Thanks. Is it always the same arguments failing? That test is a theory, with most of the inputs passing in that run, and two failures:

    System.Text.RegularExpressions.Tests.RegexMatchTests.Match_Timeout_Throws(engine: Compiled, pattern: "((?!(?>[^a]*))a)+", input: "aaaaaaaaaaaaaaaaaaaaaaaaaaaaaaaaaaaaaaaaaaaaaaaaaa"...) [FAIL]
      Assert.Throws() Failure
      Expected: typeof(System.Text.RegularExpressions.RegexMatchTimeoutException)
      Actual:   (No exception was thrown)
      Stack Trace:
        /_/src/libraries/System.Text.RegularExpressions/tests/FunctionalTests/Regex.Match.Tests.cs(1258,0): at System.Text.RegularExpressions.Tests.RegexMatchTests.Match_Timeout_Throws(RegexEngine engine, String pattern, String input)
        --- End of stack trace from previous location ---
    System.Text.RegularExpressions.Tests.RegexMatchTests.Match_Timeout_Throws(engine: Compiled, pattern: "((?<!(?>[^a]*))a)+", input: "aaaaaaaaaaaaaaaaaaaaaaaaaaaaaaaaaaaaaaaaaaaaaaaaaa"...) [FAIL]
      Assert.Throws() Failure
      Expected: typeof(System.Text.RegularExpressions.RegexMatchTimeoutException)
      Actual:   (No exception was thrown)
      Stack Trace:
        /_/src/libraries/System.Text.RegularExpressions/tests/FunctionalTests/Regex.Match.Tests.cs(1258,0): at System.Text.RegularExpressions.Tests.RegexMatchTests.Match_Timeout_Throws(RegexEngine engine, String pattern, String input)
        --- End of stack trace from previous location ---
uweigand commented 1 year ago

In addition to the June 27 failure I also see this failure on June 26, which appears to be the same pattern:

 System.Text.RegularExpressions.Tests.RegexMatchTests.Match_Timeout_Throws(engine: Compiled, pattern: "((?<!(?>[^a]*))a)+", input: "aaaaaaaaaaaaaaaaaaaaaaaaaaaaaaaaaaaaaaaaaaaaaaaaaa"...) [FAIL]
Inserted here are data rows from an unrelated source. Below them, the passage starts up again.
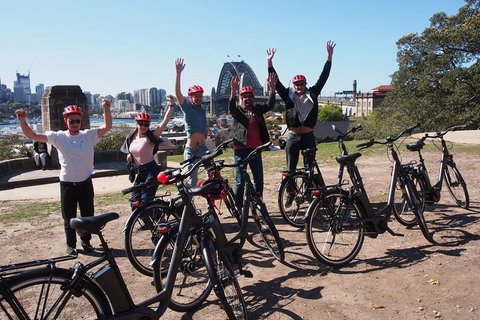 Sydney Harbour Discovery Tour - Attractions Sydney 2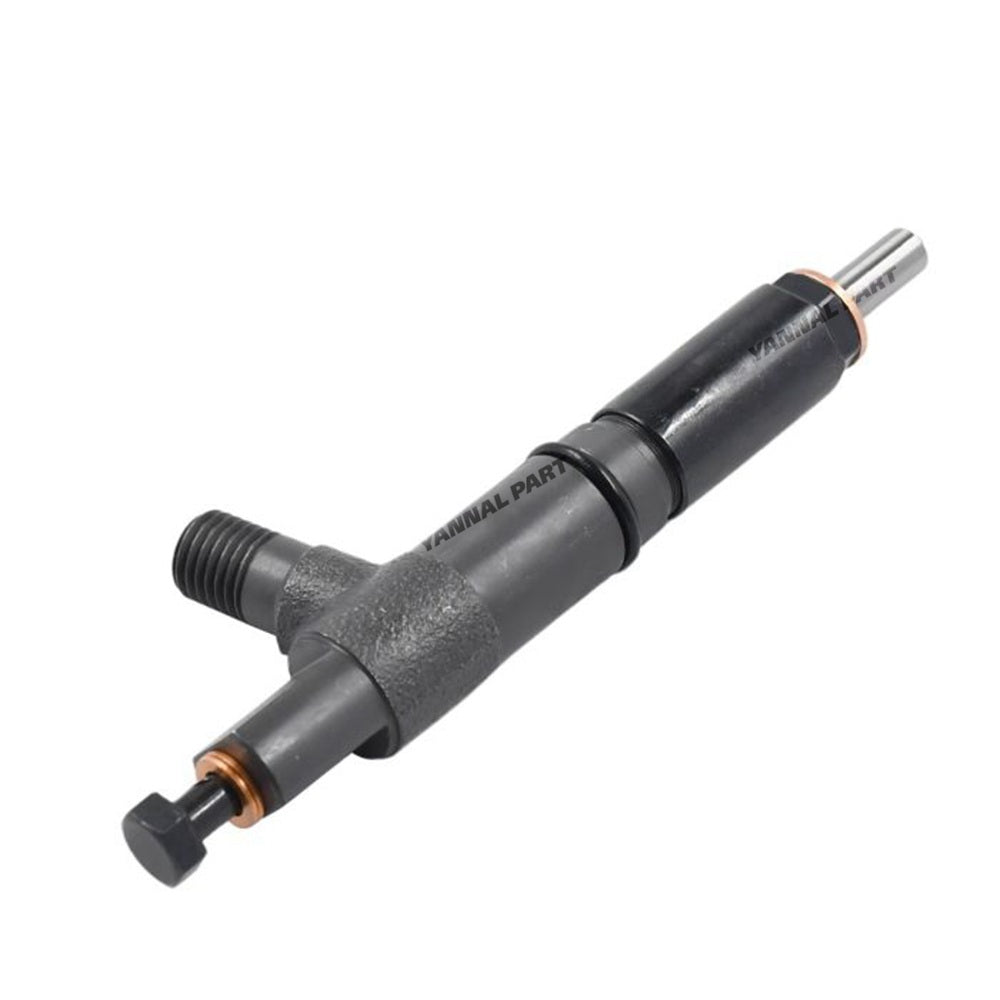 4 PCS Fuel Injector 7019202 6698122 Fit For Bobcat Loader S130 S150 S175 S510 S530 T110 T140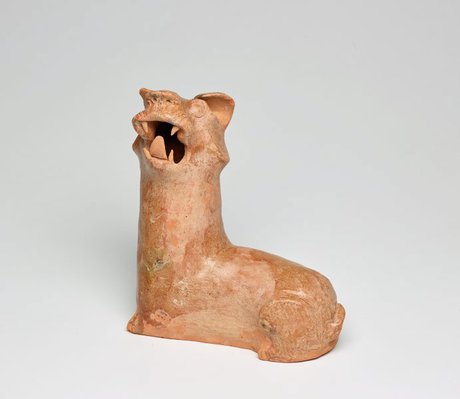 Alternate image of Watchdog by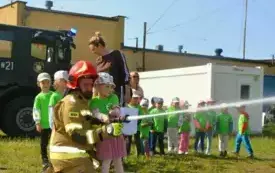 Galeria aktualności "ŻABKI" W WOJSKU! 6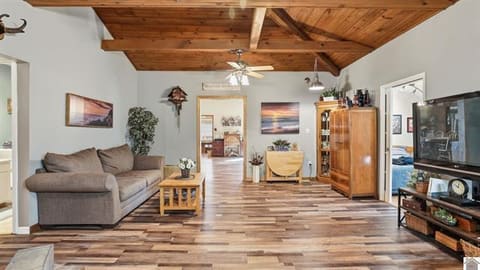 100 Cemetery Hill Lane, Benton, KY 42025 — photo 5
I'm not seeing any other instance of this failure in the CI history (seems to be preserved for about a month). [ I've never been able to reproduce the issue locally, it only happens in the CI if at all. ]

steveharter commented 1 year ago

Flagging as bug for now

steveharter commented 1 year ago

The test has a short-circuit for non-backtracking check: https://github.com/dotnet/runtime/blob/ecb3b2003c624ae1f116915e9f0f0b11ae264094/src/libraries/System.Text.RegularExpressions/tests/FunctionalTests/Regex.Match.Tests.cs#L1222-L1227 and thus a timeout may not occur.

Flagging as test bug and moving to V9.

stephentoub commented 5 months ago

The test has a short-circuit for non-backtracking check:

https://github.com/dotnet/runtime/blob/ecb3b2003c624ae1f116915e9f0f0b11ae264094/src/libraries/System.Text.RegularExpressions/tests/FunctionalTests/Regex.Match.Tests.cs#L1222-L1227

and thus a timeout may not occur. Flagging as test bug and moving to V9.

The cited failures are all for engine: Compiled.